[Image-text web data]
<<<<

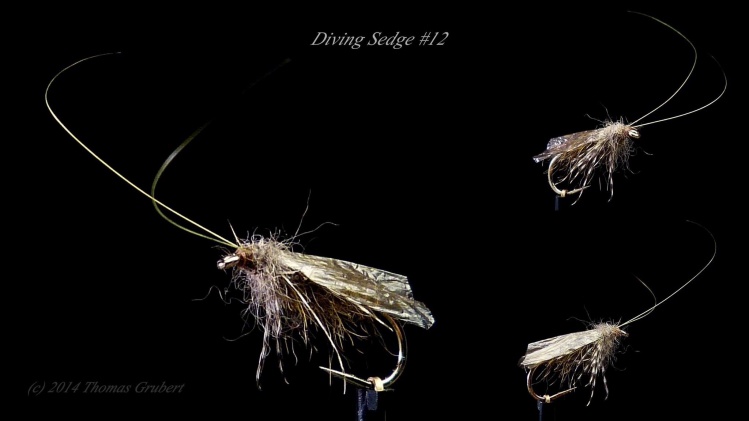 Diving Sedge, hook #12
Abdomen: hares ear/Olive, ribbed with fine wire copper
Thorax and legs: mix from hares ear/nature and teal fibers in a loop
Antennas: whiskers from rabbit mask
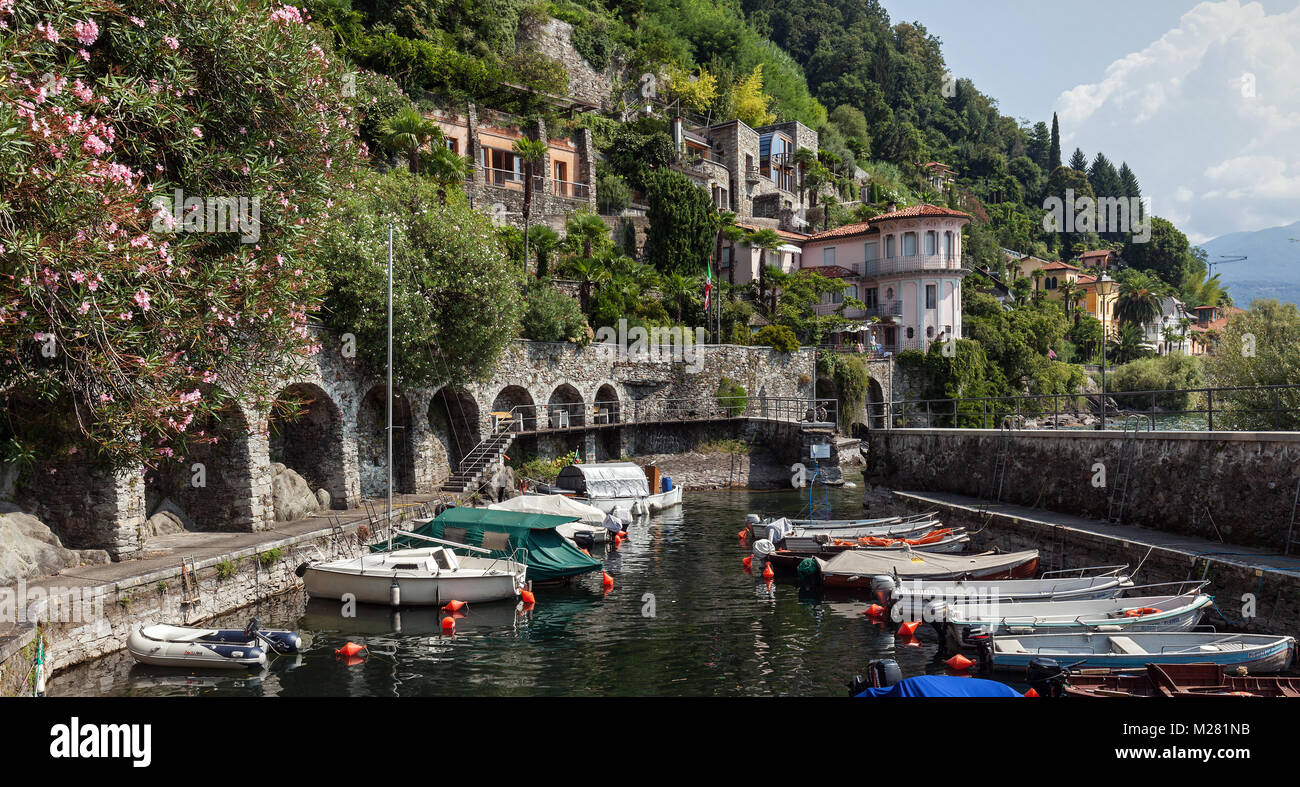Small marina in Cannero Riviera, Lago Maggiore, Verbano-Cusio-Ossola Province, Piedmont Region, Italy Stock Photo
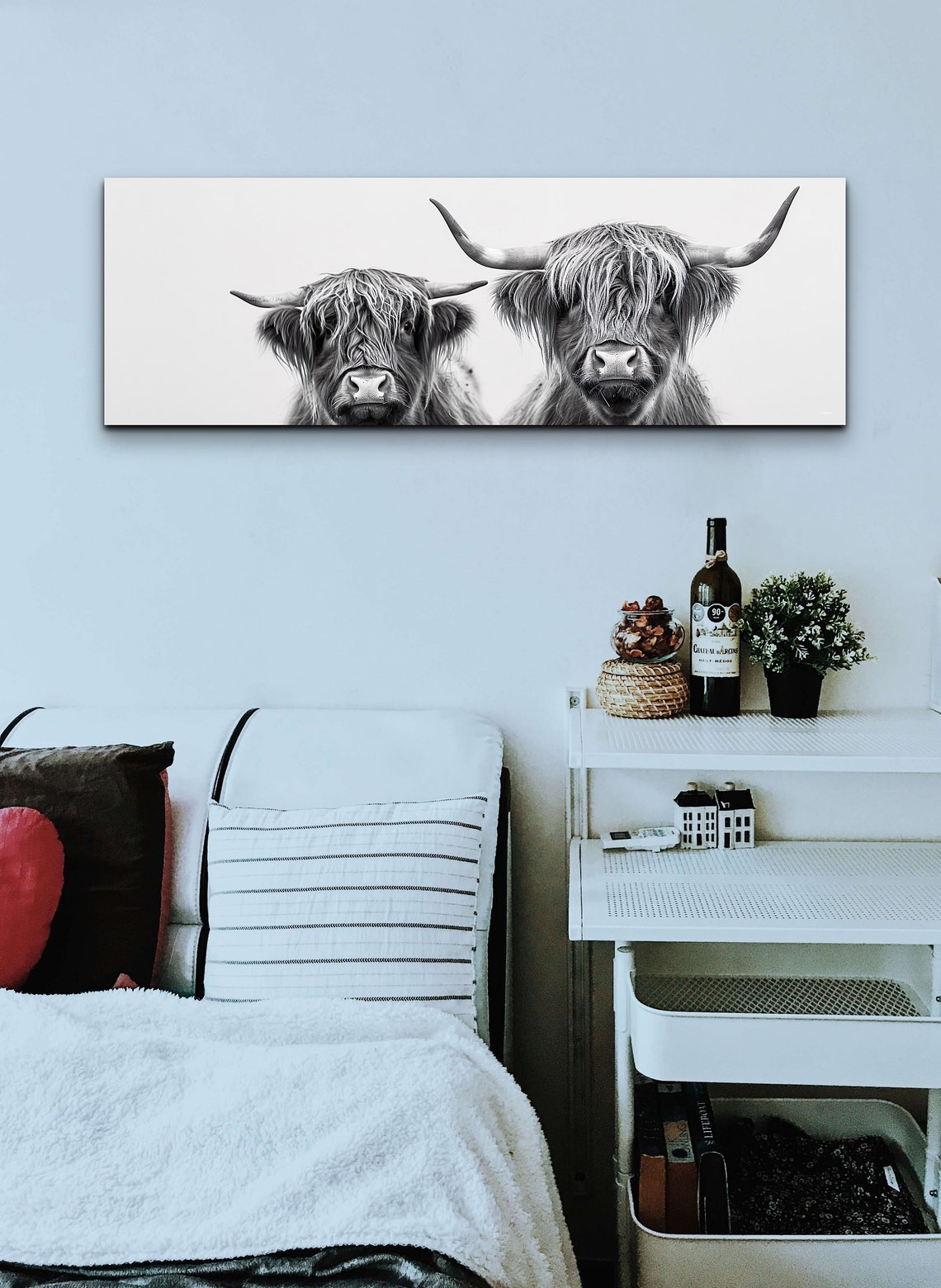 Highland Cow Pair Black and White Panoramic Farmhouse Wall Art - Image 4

>>>>

### Task brief
All of the lines above that carry the string "hares" need to be found and copied.

### Completed exercise
Abdomen: hares ear/Olive, ribbed with fine wire copper
Thorax and legs: mix from hares ear/nature and teal fibers in a loop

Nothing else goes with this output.